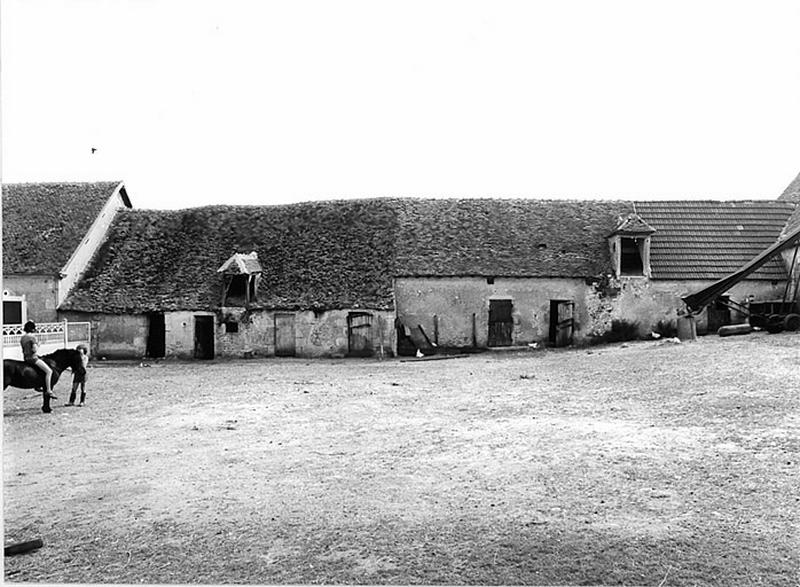 Etables 1 : vue de volume prise du nord ouest.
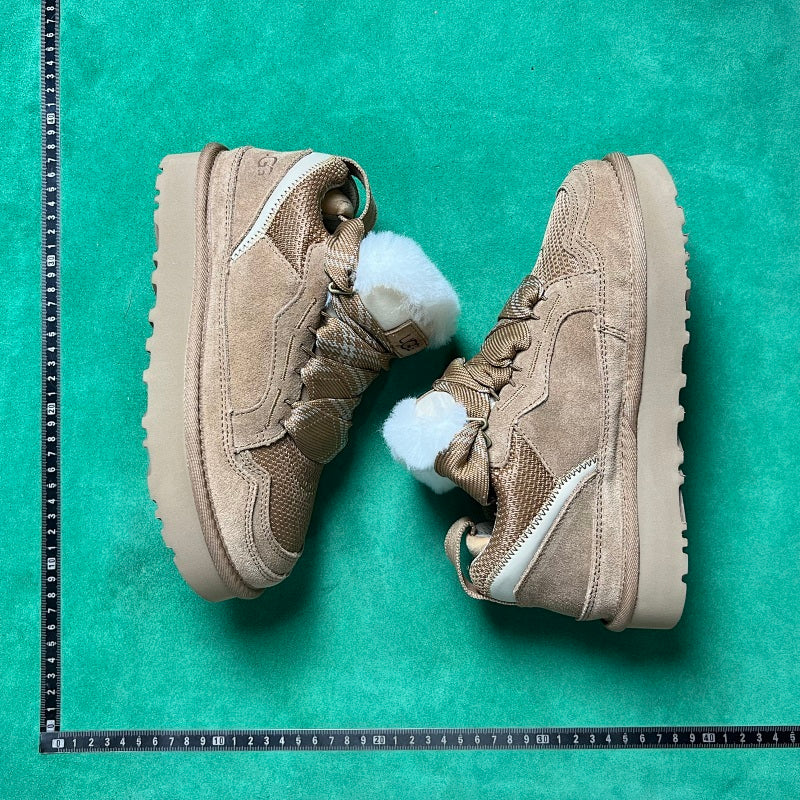 UGG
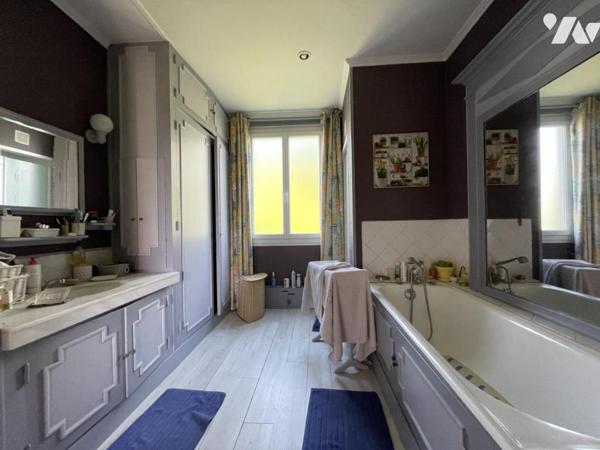 MAISON FAMILIALE AVEC JARDIN ET GARAGES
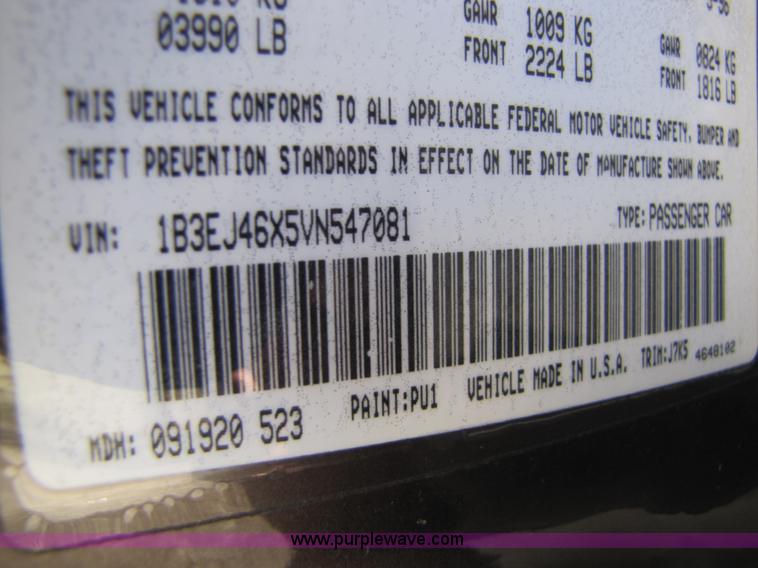 image for item 8541 1997 Dodge Stratus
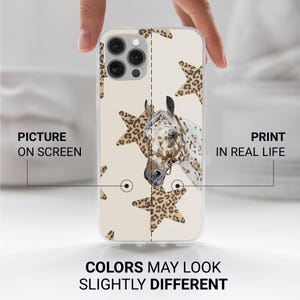Puede incluir: Funda de tel&eacute;fono con una ilustraci&oacute;n de caballo, estrellas con estampado de leopardo y fondo beige. Se muestra el texto "PICTURE ON SCREEN" y "PRINT IN REAL LIFE". Tambi&eacute;n es visible el texto "COLORS MAY LOOK SLIGHTLY DIFFERENT".
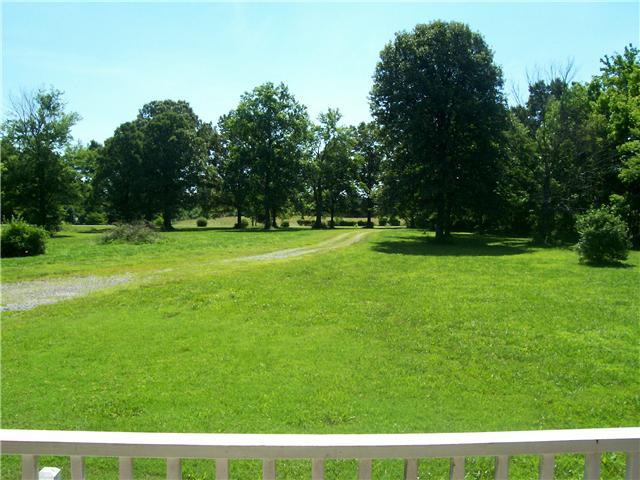 1198 Smith Thompson Road Bethpage, TN 37022 - Photo 3 of 20 a view of an outdoor space and yard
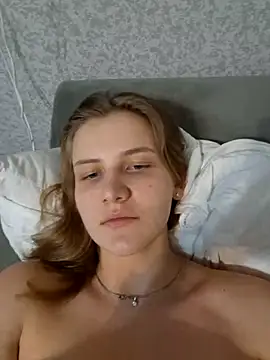 mooniekiss online show from 19, 5, 2026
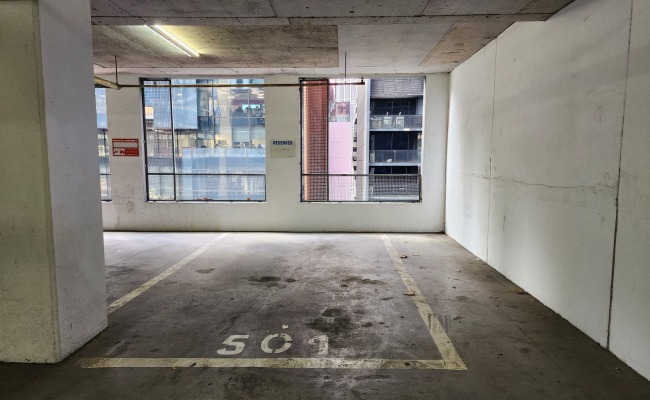 Melb CBD - Secure Indoor Parking - Bay 501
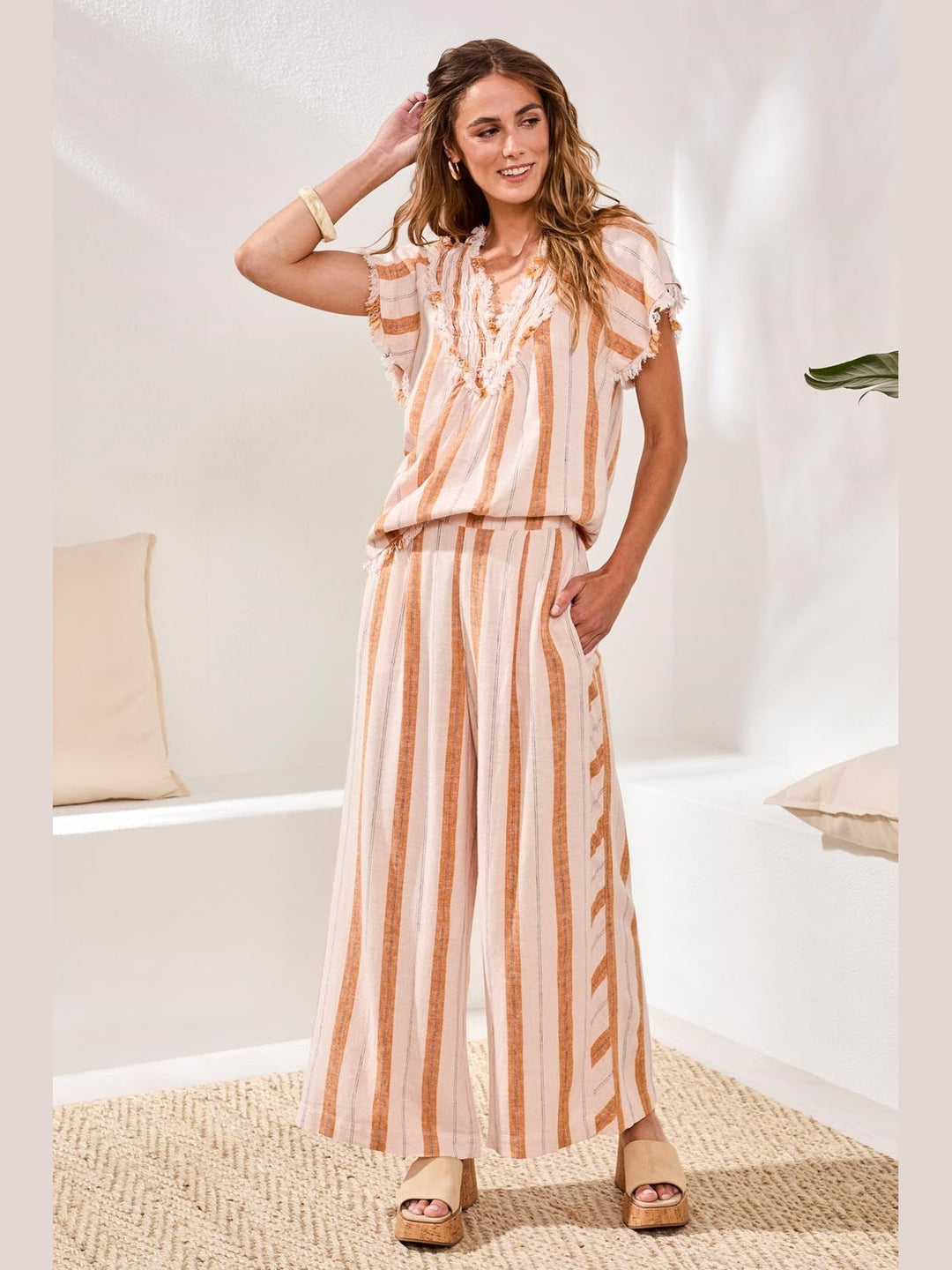 Flowy Wide-Leg Pants w/ Pockets - Sahara Beige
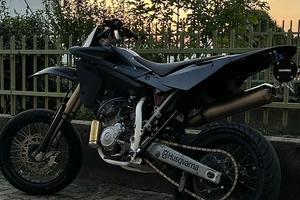 Husqvarna SMR 125 (200cc) 2013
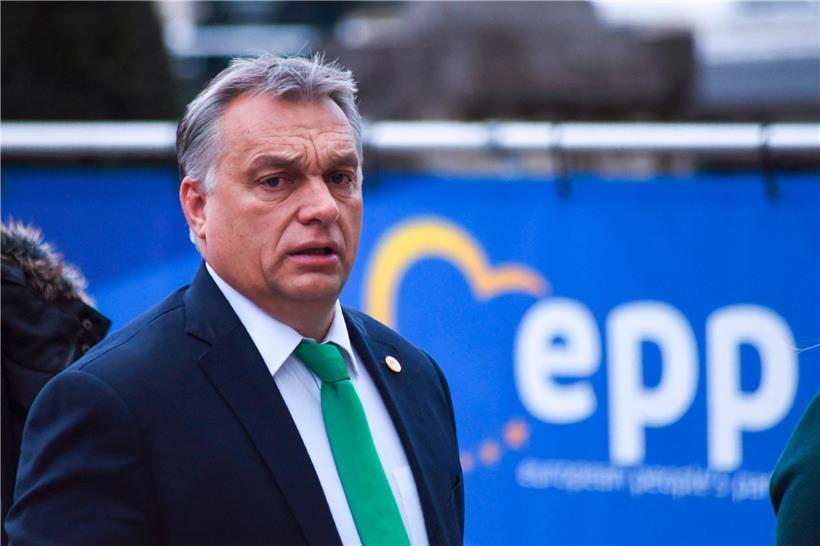 Viktor Orban hat seine Fidesz-Abgeordneten im EU-Parlament nur aus der Fraktion der Europäischen Volkspartei (EVP) herausgeholt, der konservativen Parteienfamilie bleiben die Ungarn noch bis auf Weiteres erhalten
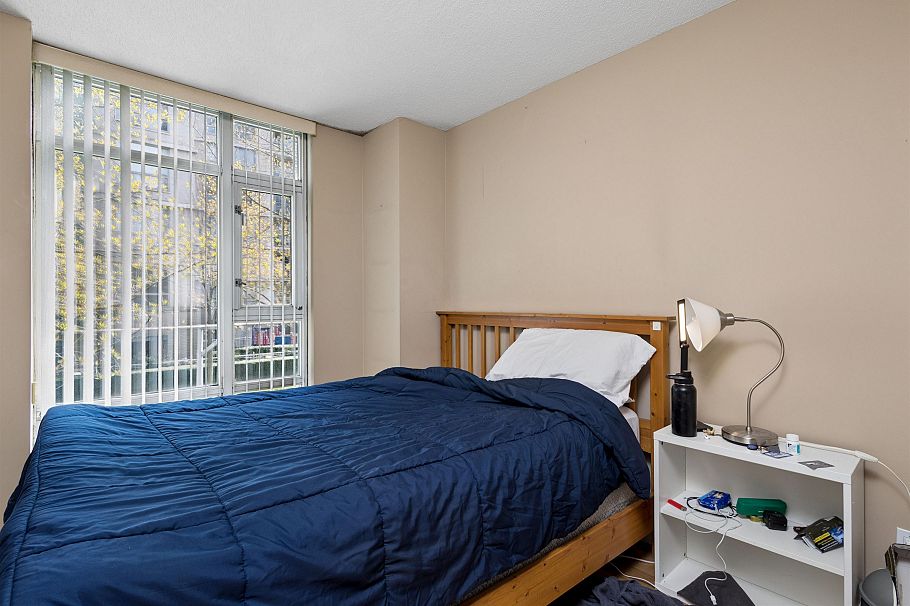2P 1033 Marinaside Crescent Vancouver, BC - 13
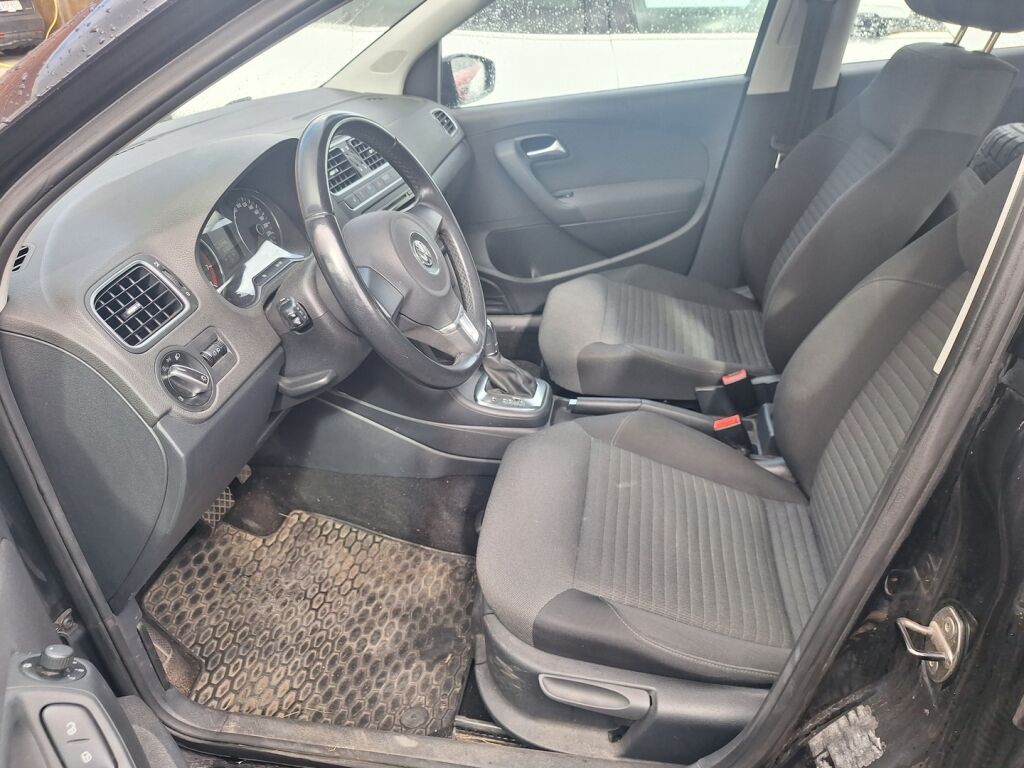 Volkswagen Polo 2012 Musta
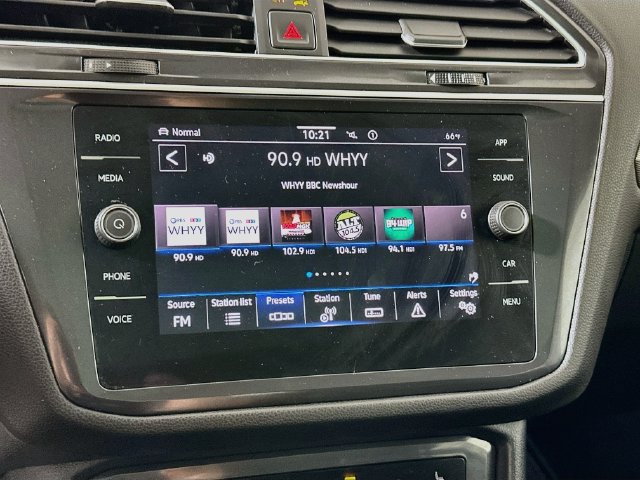 Certified 2024 Volkswagen Tiguan SE AWD/4WD image 14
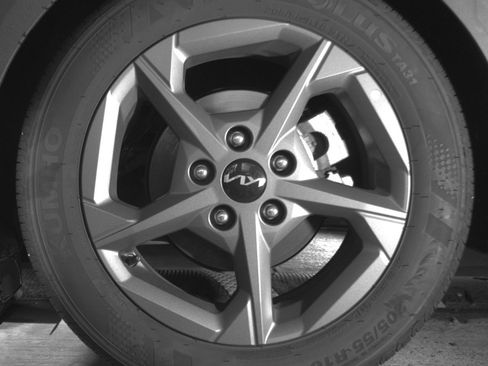 Used 2025 Kia K4 FWD image 14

##########

▶ **DESCRIPTION OF THE TASK**
Leaving all pictures out, output exactly the lines of the material above from the line with "image for item 8541 1997 Dodge Stratus" to the line with "Melb CBD - Secure Indoor Parking - Bay 501", both included.

▶ **YOUR RESPONSE**
 image for item 8541 1997 Dodge Stratus
Puede incluir: Funda de tel&eacute;fono con una ilustraci&oacute;n de caballo, estrellas con estampado de leopardo y fondo beige. Se muestra el texto "PICTURE ON SCREEN" y "PRINT IN REAL LIFE". Tambi&eacute;n es visible el texto "COLORS MAY LOOK SLIGHTLY DIFFERENT".
 1198 Smith Thompson Road Bethpage, TN 37022 - Photo 3 of 20 a view of an outdoor space and yard
 mooniekiss online show from 19, 5, 2026
 Melb CBD - Secure Indoor Parking - Bay 501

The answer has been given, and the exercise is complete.